## [DATA FOR REVIEW]
========================

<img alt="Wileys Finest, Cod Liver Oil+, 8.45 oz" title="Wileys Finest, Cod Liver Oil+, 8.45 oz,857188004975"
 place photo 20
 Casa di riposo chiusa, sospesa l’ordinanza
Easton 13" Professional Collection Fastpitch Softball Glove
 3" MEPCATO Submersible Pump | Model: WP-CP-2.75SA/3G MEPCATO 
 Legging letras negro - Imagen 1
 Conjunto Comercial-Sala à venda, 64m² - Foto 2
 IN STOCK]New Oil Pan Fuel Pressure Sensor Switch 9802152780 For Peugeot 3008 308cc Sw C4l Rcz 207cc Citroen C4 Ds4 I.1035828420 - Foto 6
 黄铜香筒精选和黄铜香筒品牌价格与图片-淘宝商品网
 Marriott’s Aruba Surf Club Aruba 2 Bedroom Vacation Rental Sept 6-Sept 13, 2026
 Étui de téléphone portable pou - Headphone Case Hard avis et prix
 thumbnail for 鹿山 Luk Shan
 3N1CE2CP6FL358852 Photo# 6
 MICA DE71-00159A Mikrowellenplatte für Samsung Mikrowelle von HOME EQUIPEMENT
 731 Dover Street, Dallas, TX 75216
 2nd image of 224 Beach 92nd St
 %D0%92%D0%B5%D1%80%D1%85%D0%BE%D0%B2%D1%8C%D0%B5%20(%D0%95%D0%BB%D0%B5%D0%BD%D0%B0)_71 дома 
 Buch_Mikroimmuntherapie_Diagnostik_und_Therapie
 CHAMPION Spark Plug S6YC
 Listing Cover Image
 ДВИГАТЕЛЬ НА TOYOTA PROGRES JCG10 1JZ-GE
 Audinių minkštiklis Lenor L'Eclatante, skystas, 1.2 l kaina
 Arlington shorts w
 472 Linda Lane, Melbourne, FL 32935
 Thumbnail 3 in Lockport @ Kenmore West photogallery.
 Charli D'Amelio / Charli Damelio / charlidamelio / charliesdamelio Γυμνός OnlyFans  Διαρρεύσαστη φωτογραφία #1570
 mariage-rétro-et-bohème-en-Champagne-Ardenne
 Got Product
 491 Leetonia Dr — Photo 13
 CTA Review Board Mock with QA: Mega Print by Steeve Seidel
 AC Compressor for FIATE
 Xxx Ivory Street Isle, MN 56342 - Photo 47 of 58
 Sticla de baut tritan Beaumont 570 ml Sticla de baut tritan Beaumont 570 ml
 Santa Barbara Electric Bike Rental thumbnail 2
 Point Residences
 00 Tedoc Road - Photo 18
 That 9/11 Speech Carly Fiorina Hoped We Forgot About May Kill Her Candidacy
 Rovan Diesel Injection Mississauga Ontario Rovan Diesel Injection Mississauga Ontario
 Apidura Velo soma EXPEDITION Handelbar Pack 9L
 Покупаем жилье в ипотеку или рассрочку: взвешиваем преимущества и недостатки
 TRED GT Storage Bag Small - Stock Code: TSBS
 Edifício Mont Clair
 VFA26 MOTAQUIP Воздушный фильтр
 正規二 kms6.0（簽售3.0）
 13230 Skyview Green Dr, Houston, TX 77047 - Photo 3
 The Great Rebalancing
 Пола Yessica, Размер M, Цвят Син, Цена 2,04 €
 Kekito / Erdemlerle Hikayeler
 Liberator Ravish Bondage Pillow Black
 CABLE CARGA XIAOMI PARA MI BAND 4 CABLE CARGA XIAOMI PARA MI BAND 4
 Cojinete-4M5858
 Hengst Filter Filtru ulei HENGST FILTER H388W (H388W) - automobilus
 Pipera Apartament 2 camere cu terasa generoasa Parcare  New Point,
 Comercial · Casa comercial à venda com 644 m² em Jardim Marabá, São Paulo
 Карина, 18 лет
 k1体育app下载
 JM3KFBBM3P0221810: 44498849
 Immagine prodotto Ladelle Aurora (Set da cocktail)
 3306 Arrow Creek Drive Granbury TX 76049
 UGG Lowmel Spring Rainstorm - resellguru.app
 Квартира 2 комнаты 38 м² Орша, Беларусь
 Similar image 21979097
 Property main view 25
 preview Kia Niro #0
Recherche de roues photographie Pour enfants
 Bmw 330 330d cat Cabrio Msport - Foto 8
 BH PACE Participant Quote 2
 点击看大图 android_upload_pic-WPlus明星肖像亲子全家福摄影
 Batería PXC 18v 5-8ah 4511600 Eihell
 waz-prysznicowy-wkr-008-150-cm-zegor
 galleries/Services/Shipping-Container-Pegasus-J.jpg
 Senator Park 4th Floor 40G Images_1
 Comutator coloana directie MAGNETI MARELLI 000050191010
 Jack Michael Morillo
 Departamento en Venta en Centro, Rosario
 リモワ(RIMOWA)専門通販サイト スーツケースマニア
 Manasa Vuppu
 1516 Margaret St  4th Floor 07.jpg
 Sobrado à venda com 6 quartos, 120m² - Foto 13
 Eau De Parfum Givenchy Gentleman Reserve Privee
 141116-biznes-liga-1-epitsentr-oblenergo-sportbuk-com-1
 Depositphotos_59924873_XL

========================

## [EXERCISE INSTRUCTIONS]
From the line containing "1516 Margaret St" to the final line of the data, repeat each line exactly. Include both ends.

## [WRITTEN RESPONSE]
 1516 Margaret St  4th Floor 07.jpg
 Sobrado à venda com 6 quartos, 120m² - Foto 13
 Eau De Parfum Givenchy Gentleman Reserve Privee
 141116-biznes-liga-1-epitsentr-oblenergo-sportbuk-com-1
 Depositphotos_59924873_XL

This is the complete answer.